By Mark Brown*
However, there were more interesting moves in parts of the credit market that are usually very stable. As discussed below, there were very distinct drivers of government bonds, interest rate swaps and corporate bonds in November. This created some sharp changes in the relative pricing between these markets.
Supply was a key driver of price changes. In late October the Debt Management Office sold $2bln of a new April 2033 Government Stock issue. At 18 years to maturity, this is the longest dated fixed rate bond sold by the NZ Government since 40 year bonds were sold in the 1960s to finance the Auckland Harbour Bridge.
With long-dated bonds having greater price sensitivity to changes in interest rates, this was a significant amount of risk for the investor market to accommodate. To facilitate this, the market built in what is called a concession. In other words, higher yields were needed to entice buyers.
It usually works and this was no exception.

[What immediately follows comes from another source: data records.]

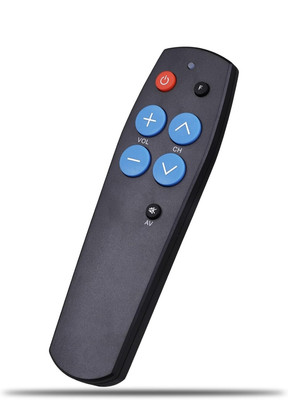 Universal Big Button Easy Simple TV Fernbedienung für Senioren Senioren Fernbedienung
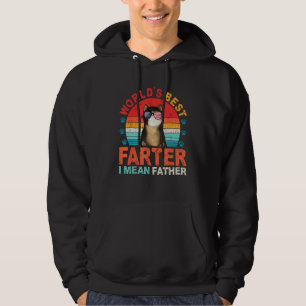 Världens Bästa Fartare Jag Menar Pappa Bästa Pappa Hoodie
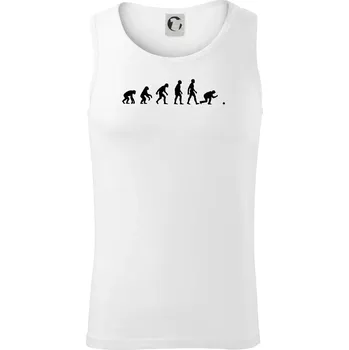 Evoluce petanque - Tílko pánské Core - XL ( Bílá )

This all happened in October. However in November global yields moved a little higher and some of the recent buyers looked to exit very recently acquired positions, but into a market already quite fully invested.
Table 1. NZD debt issuance since late October
|22 October||NZ Government||April 2033||$2,000m|
|4 November||LGFA||2019, 2023, 2027||$140m|
|9 November||Auckland Intl Airport||November 2022||$100m|
|26 November||ASB Bank||May 2021||$350m|
|3 December||Transpower||June 2022||$350m|
|10 December||Spark||March 2023||$100m|
|17 December||BNZ subordinate Tier 2||Dec 2025||$550m|
Source: Bloomberg, Kanga News
Meanwhile, global swap rates were moving in the opposite direction, and this flowed into New Zealand. Corporate bonds, which are priced as a spread above swap rates were initially well anchored by the stability in swap rates. This meant their spread to NZ Government Stock narrowed to the tightest levels seen for some time. However this was happening against a global backdrop of corporate margins widening.

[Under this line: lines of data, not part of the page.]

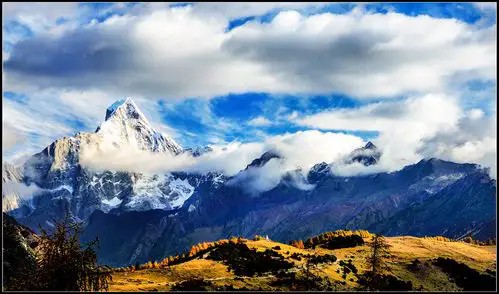 Զ���Ĵ����Ĺ���ѩɽ����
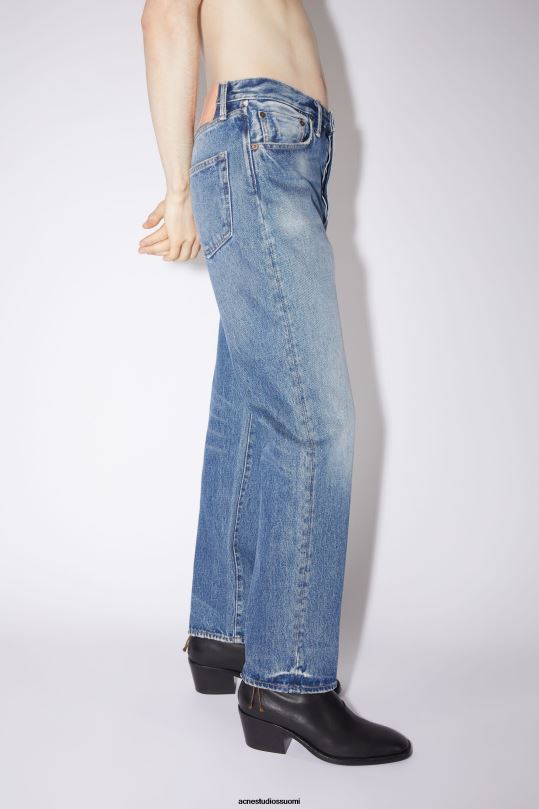 Acne Studios vaatteet keski sininen 0VF2B1157 rento istuvuus farkut - 2003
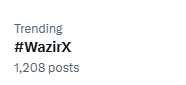 pushpendrakum's tweet photo. #wazirx is trending once again https://t.co/LDIWG4FgOH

As a result, we are seeing an extension of a familiar phenomenon, where the bonds of local issuers such as Spark, Fonterra, Transpower and Auckland Council trade more expensively (i.e. narrower credit spreads) in the domestic market than they do offshore. Recently this differential has increased.
The additional yield for buying a non-NZD bond, after hedging costs, ranges from 0.25% to 1.00%. Faced with this situation, local corporates naturally want to issue in the local market and benefit from the cheaper funding. This works to a point, with many local investors unable to access the non-NZD bonds.
However, most large institutional investors can also buy hedged non-NZD bonds and they are well aware of the pricing anomaly. When faced with the opportunity to buy a new bond deal in New Zealand, the larger and more influential investors will seek pricing that is closer to the levels seen offshore.
If issuers want to access those investors, some accommodation will occur. Institutional investors will not drive the pricing differential to zero. Hedging costs and liquidity issues are such that we expect a healthy yield gap to persist.
In November bond issuance was quite strong, as shown in Table 1 above. For some issues, such as the ASB Bank deal, pricing was set to attract institutional investors, while for others, attracting retail investors at tighter pricing was the objective. Smaller deals can typically fall into the latter category.
However it can also work for larger deals, as was the case with the BNZ deal. As a subordinate deal, a higher coupon is appropriate, and retail investors are certainly attracted by that. A healthy brokerage fee ensured intermediaries paid attention too.
Despite the pressure for credit spreads to widen relative to swap rates, they still contracted against government stock rates, because of the big outperformance in the swap rates.
Looking back at Chart 1, we see that 5 year government bond yields rose further than bank bond yields.
The sector that did suffer to the same extent was LGFA, the entity that finances the bulk of the local authority sector. Again, supply was a factor here. LGFA is a fairly continuous issuer, as the local authorities borrowing requirements keep on increasing.
Much of the discussion above describes what can be seen as micro issues inside a well-diversified fixed interest portfolio.
However they do also illustrate the existence of different players and the interconnected nature of global credit markets.